White House Announces Breakthrough in Gaza Cease-Fire Negotiations
President Joe Biden delivers remarks on the Middle East at the White House on May 31, 2024. (Chip Somodevilla/Getty Images)

WASHINGTON—The White House announced on Thursday a breakthrough in overcoming a “critical impasse” in negotiations with the Hamas terrorist group for the release of hostages and advancing toward a permanent cease-fire.

The president and his national security team have reviewed the response that Hamas sent through Qatari mediators earlier this week, the White House said.

“It’s clear that this response moves the process forward and may provide the basis for closing a deal,” a senior administration official told reporters during a call following the review of Hamas’s response.

“We do believe there is a pretty significant opening here.”

Negotiations will continue in Doha in the coming days, with a U.S. team participating, the official said.

The announcement was made after President Biden held a 30-minute phone call with Israeli Prime Minister Benjamin Netanyahu, during which both leaders discussed the details of the hostage and cease-fire negotiations, according to the White House.

The White House stated that the leaders discussed the recent response from Hamas.

The senior administration official did not provide the details of the breakthrough but noted that Hamas initially resisted the conditions of the phase one deal, a prerequisite to phase two, which involves a permanent cease-fire. However, Hamas has now adjusted its position, a shift the White House described as encouraging.

“What we’ve got back from Hamas was a pretty significant adjustment to what had been their position, and we think that is encouraging. We have heard the same from the Israelis,” the official said.

He described the Hamas response as “a breakthrough on a critical impasse” in the deal.

However, this does not imply that the deal will close in a few days, the official said, as some of the implementation steps require significant work.

The first phase of the deal would allow the release of hostages, including women, men over 50, and those who are sick or wounded.

During their call, President Biden and Mr. Netanyahu also discussed the situation on the border with Lebanon.

“President Biden reaffirmed his ironclad commitment to Israel’s security, including in the face of threats from Iranian-backed terrorist groups such as Lebanese Hezbollah,” the White House said.

The two leaders agreed to further discussions on the peace deal. They have scheduled a consultative meeting for July 15 in Washington, where the national security teams of both countries will meet.

The Israeli leader is scheduled to address the U.S. Congress in late July, however, the official refrained from confirming if Mr. Netanyahu will also meet with President Biden during that trip.

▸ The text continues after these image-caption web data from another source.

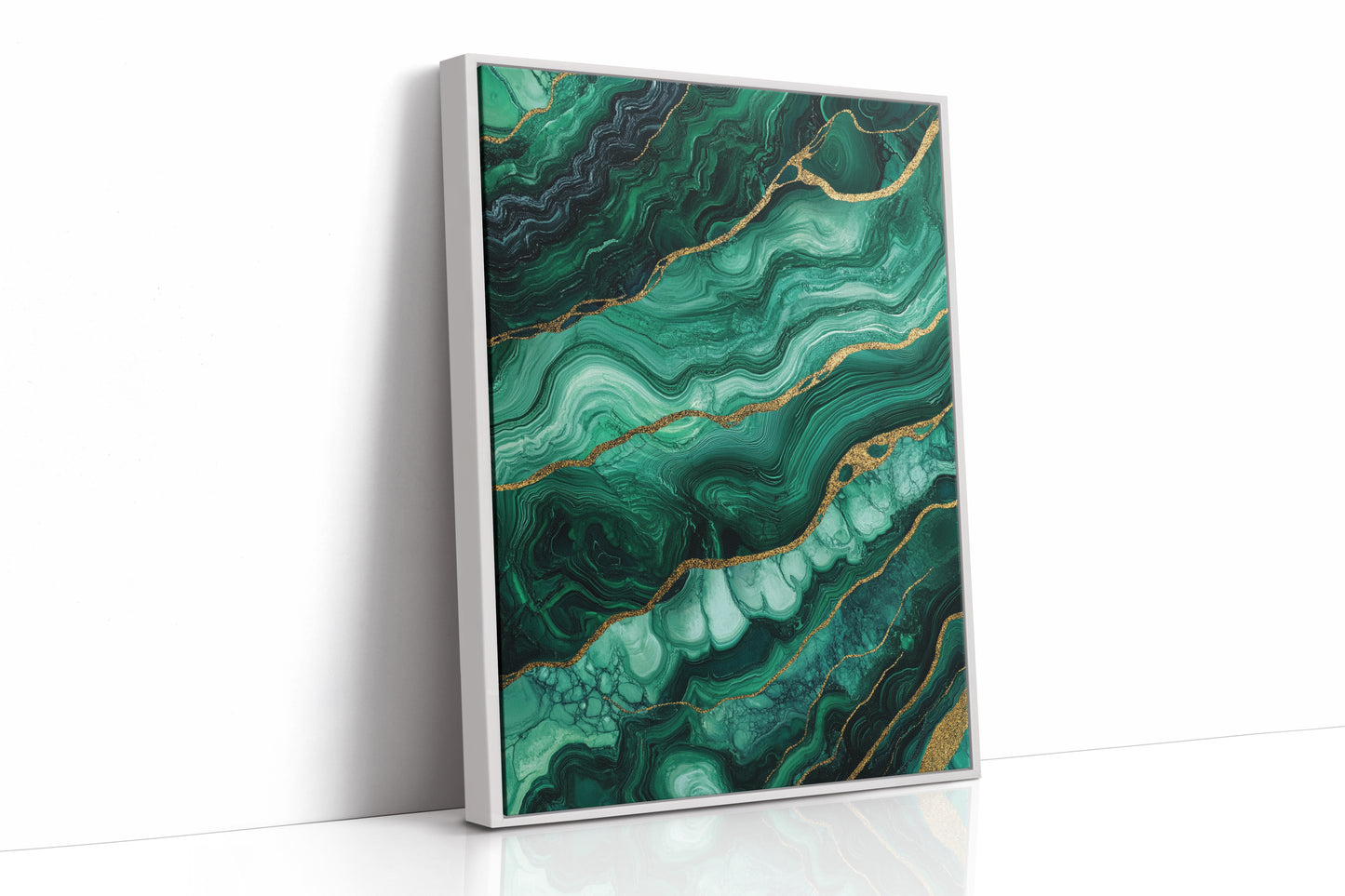 Veins of Emerald and Golden Earth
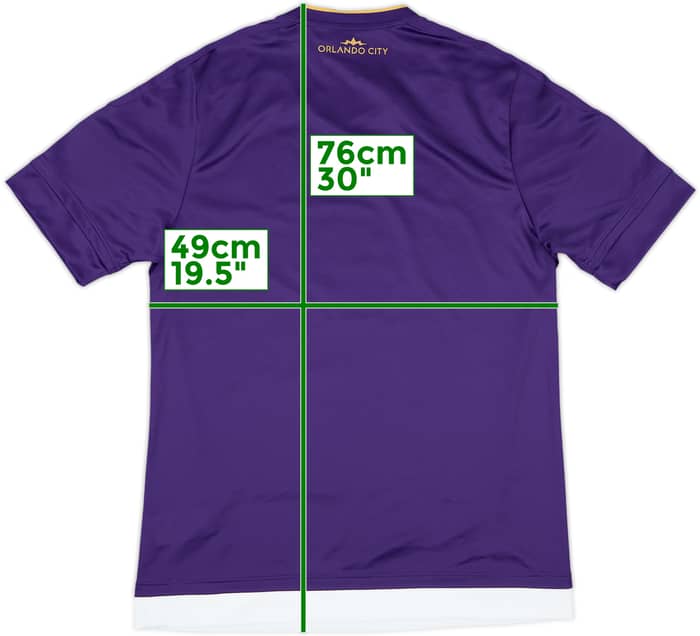 2015 Orlando City Authentic Home Shirt (L)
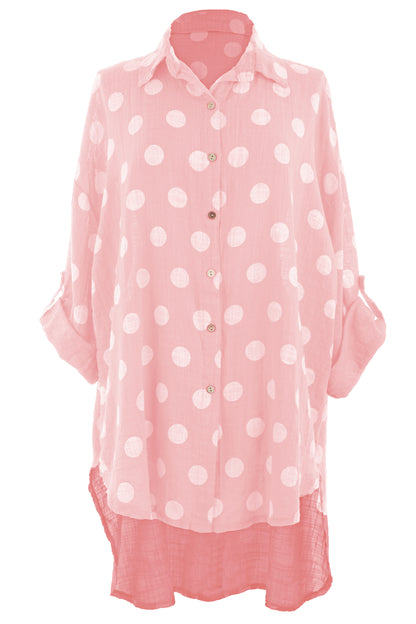 Polka Dot Cotton Shirt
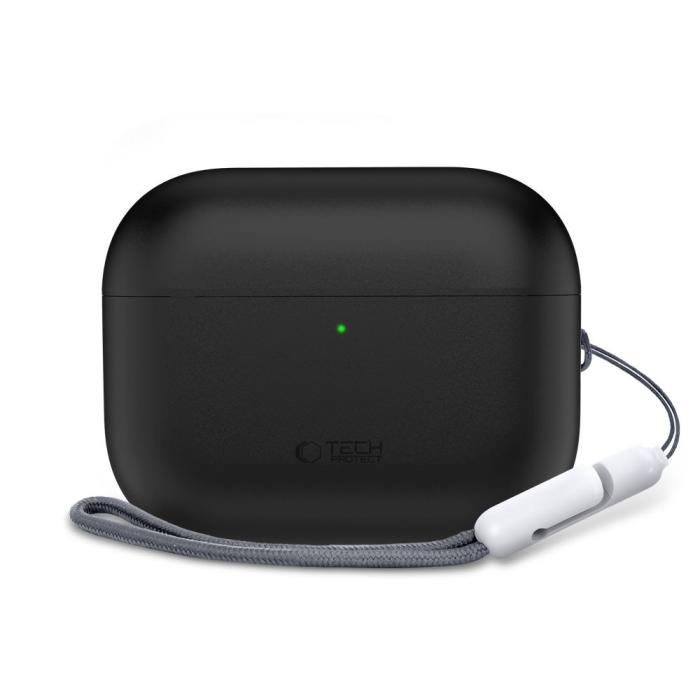 Bild 3, Tech-Protect Tech-Protect AirPods Pro 3 Skal Silicone Svart - Teknikhallen.se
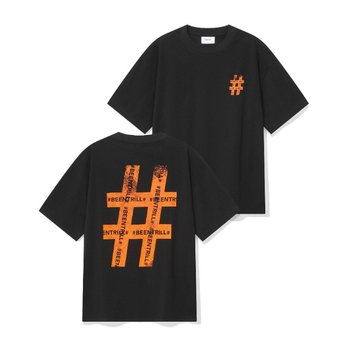 빈트릴반팔티 VQA BA252TS561BK 우먼즈 롤러 페인팅 해시태그 티셔츠 (블랙)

On May 31, President Biden presented a three phase peace plan to end the war between Israel and Hamas.

The first phase of the deal would last six weeks and include a complete cease-fire, the withdrawal of Israeli forces from all populated areas of Gaza, and the release of hundreds of Palestinian prisoners in exchange for remaining hostages held by the terror group, including women, the elderly, and the wounded.

During the initial six-week phase, Israel and Hamas would negotiate the necessary arrangements to transition to the second phase, which aims to establish a permanent cease-fire, President Biden said.

“The cease-fire will continue as long as negotiations continue,” he said during a speech on May 31.

Phase two includes the exchange of all remaining hostages who are still alive, including male soldiers, the withdrawal of Israeli forces from Gaza, and the establishment of a permanent ceasefire.

The final phase involves a major reconstruction plan for Gaza and the return of the remains of hostages killed by Hamas.

According to the White House, the cease-fire plan has been endorsed by the U.N. Security Council, the leaders of the Group of Seven, and other countries around the world.